CT_00_010 - Improve Long branch/jump support (GCC)
About
Once a function exceeds 1M in total size the possibility exists that jump may not be able to reach its intended target. This can happen for a variety of reasons:
- LTO and aggressive inlining can generally improve code performance, but will tend to make larger functions.
- Some uarchs desire code alignments for loop boundaries and such. Honoring those alignment needs will also tend to make larger funtions.
- Aggressive hot/code partitioning will move expected cold code after the main part of the function, thus increasing the chance that we'll have a long branch to anther point in the function.
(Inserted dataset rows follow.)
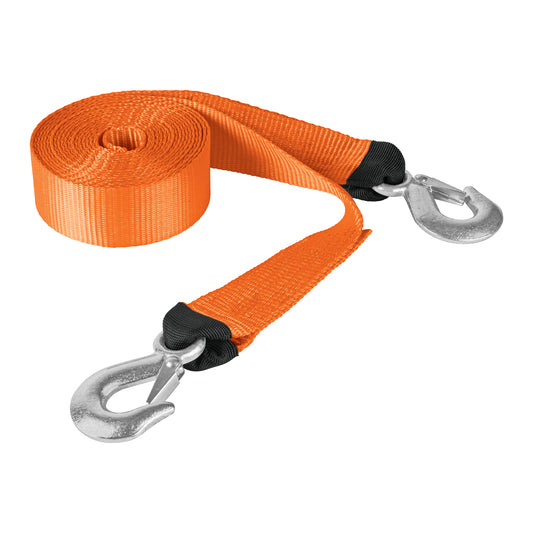 CREM-2X58C Correa para remolque con ganchos, 2” x 5.8m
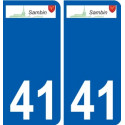 41 Penmarch logo adesivo piastra adesivi città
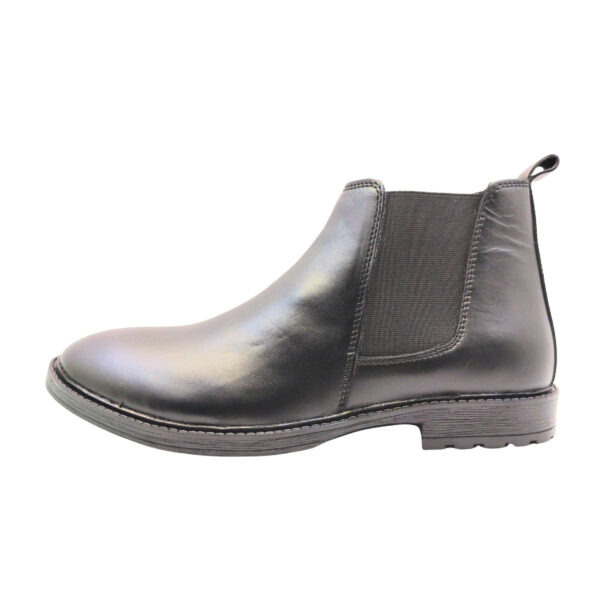 Art.no-DW-555 Genuine Leather Comfortable Trendy Walking Outdoor Slip On Chelsea Boots For Men - Image 2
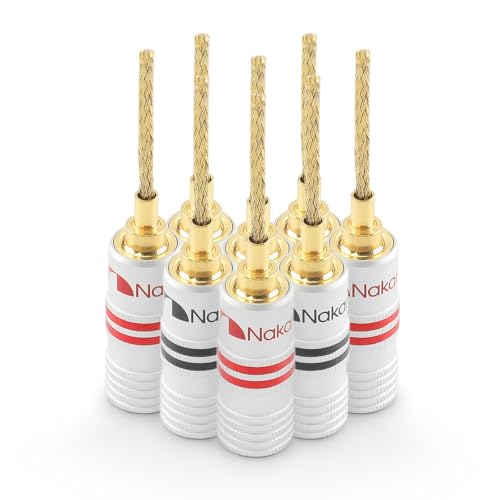 Nakamichi Conectores Flex 2mm Pin Banana 8 Pcs miniatura 1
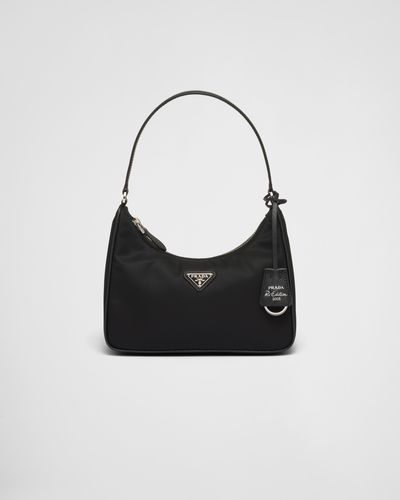 Prada Re-nylon Re-edition 2000 Mini Recycled-nylon Shoulder Bag - Black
Supporting long branch/jump is requirement in terms of toolchain completeness. Ventana has upstreamed a patch from Andrew Waterman that addresses this issue from a correctness standpoint. This is meant to track further improvements under consideration.
In particular, the use of $ra as a scratch in a long jump sequence can clobber the return-address-stack predictors available in higher performance hardware. While this is not expected to happen often in practice, when it does happen, the performance hit will be significant – once the stack gets out of sync we can get a cascade of mispredicts. We would like to see this addressed using a register scavenging scheme – essentially looking prior to the branch or at the target/fallthrough of a branch to see if there is a scratch register already available. If so, that scratch register should be preferred over $ra. We can still fall back to $ra if no such register can be found.
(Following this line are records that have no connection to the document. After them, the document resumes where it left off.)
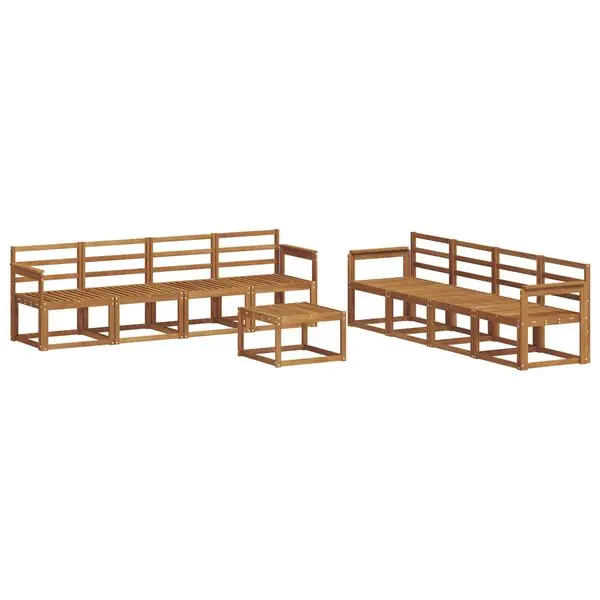 vidaXL Utomhussoffset 9 pcs Naturfärg Kundfavorit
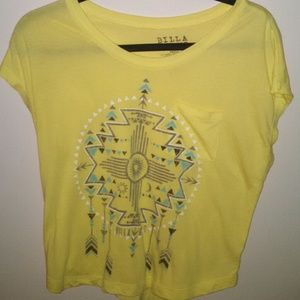 Yellow Billabong shirt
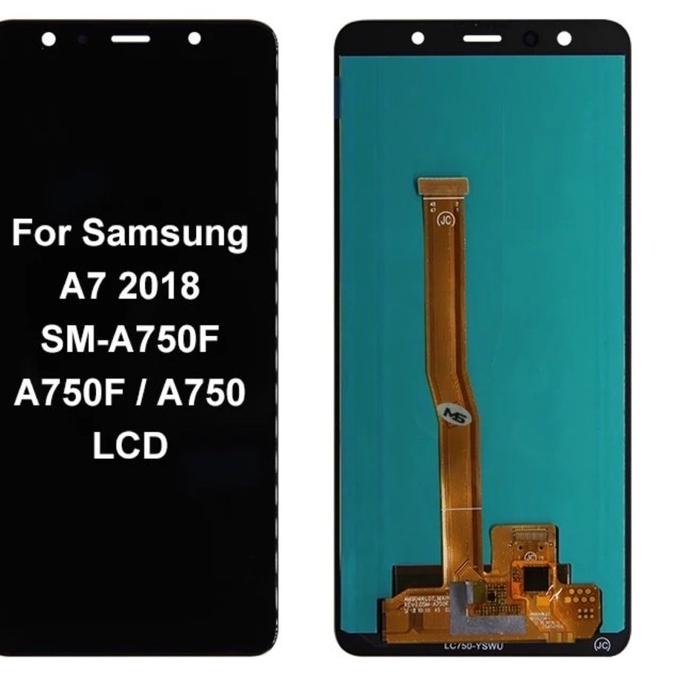 グ LCD TOUCHSCREEN SAMSUNG A7 2018 / A750 - AMOLED メ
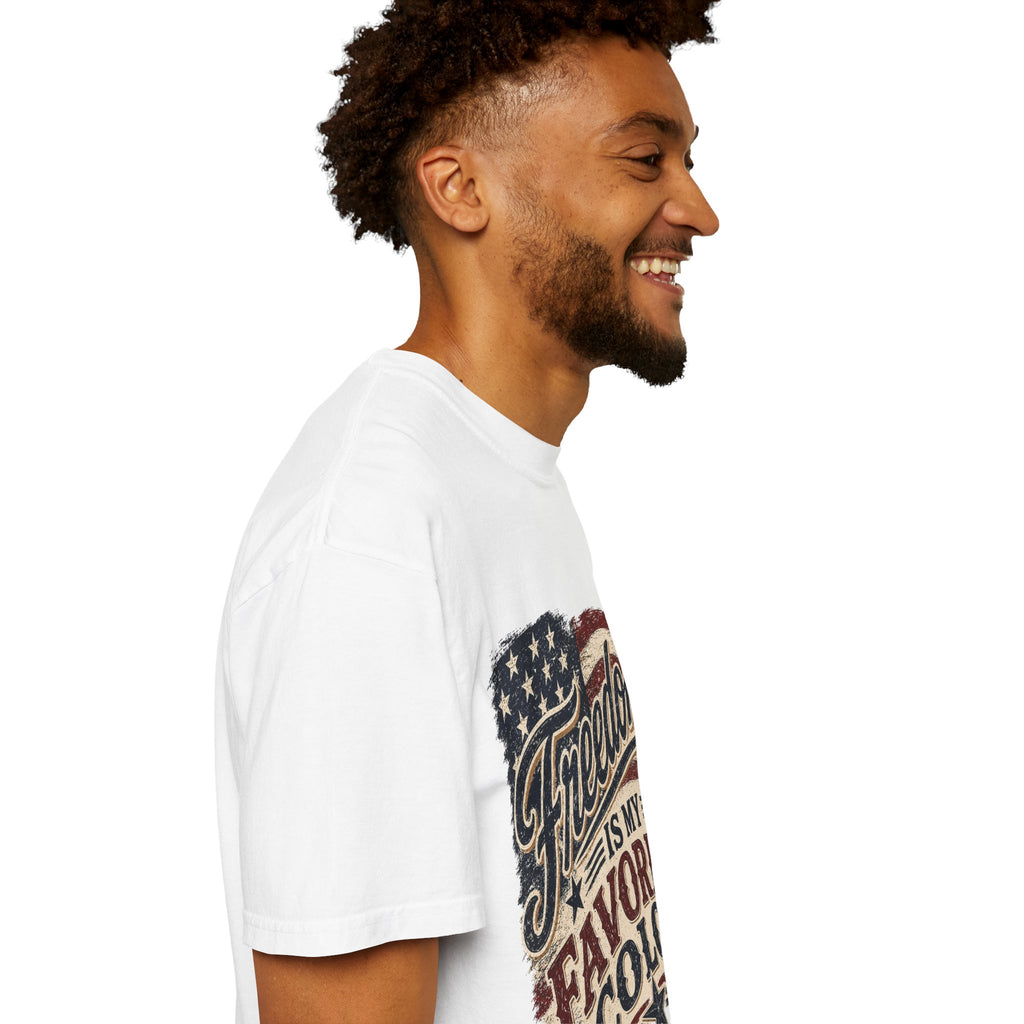 Freedom Is My Favorite Color T-Shirt — Patriotic American Flag Tee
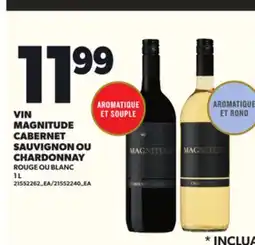 Provigo VIN MAGNITUDE CABERNET SAUVIGNON OU CHARDONNAY, 1L offer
In addition, it would be advantageous to make $ra available again as a scratch, at least in some circumstances. For example, in a non-leaf function where the size of the function is known to be small (<1M) or there are no conditional branches we could use $ra as an additional scratch register. A review of IRA/LRA doesn't show a particularly good way to add $ra to the usable set of registers, but that can probably be handled by adding another target hook.
Stakeholders/Partners
RISE:
Ventana: Jeff Law
SiFive: Andrew Waterman
External:
Dependencies
Status
Updates
- Closing down this particular page. New page for projects in this space added for 2025.
- Note additional improvement that we could make using $ra as a temporary again
- Note interaction with code alignment requests and aggressive hot/cold partitioning.
- Move to 2H2024., adjust status as this only tracks the improvements to be made.
- Basic work from Andrew W. has been upstreamed
- Needs a minor followup on long unconditional branch sequence which Jeff will tackle this week.
- Not considered complete as a register scavenging scheme could improve performance once we have large enough functions to trigger these sequences.
- Project reported as a priority for 1H2024.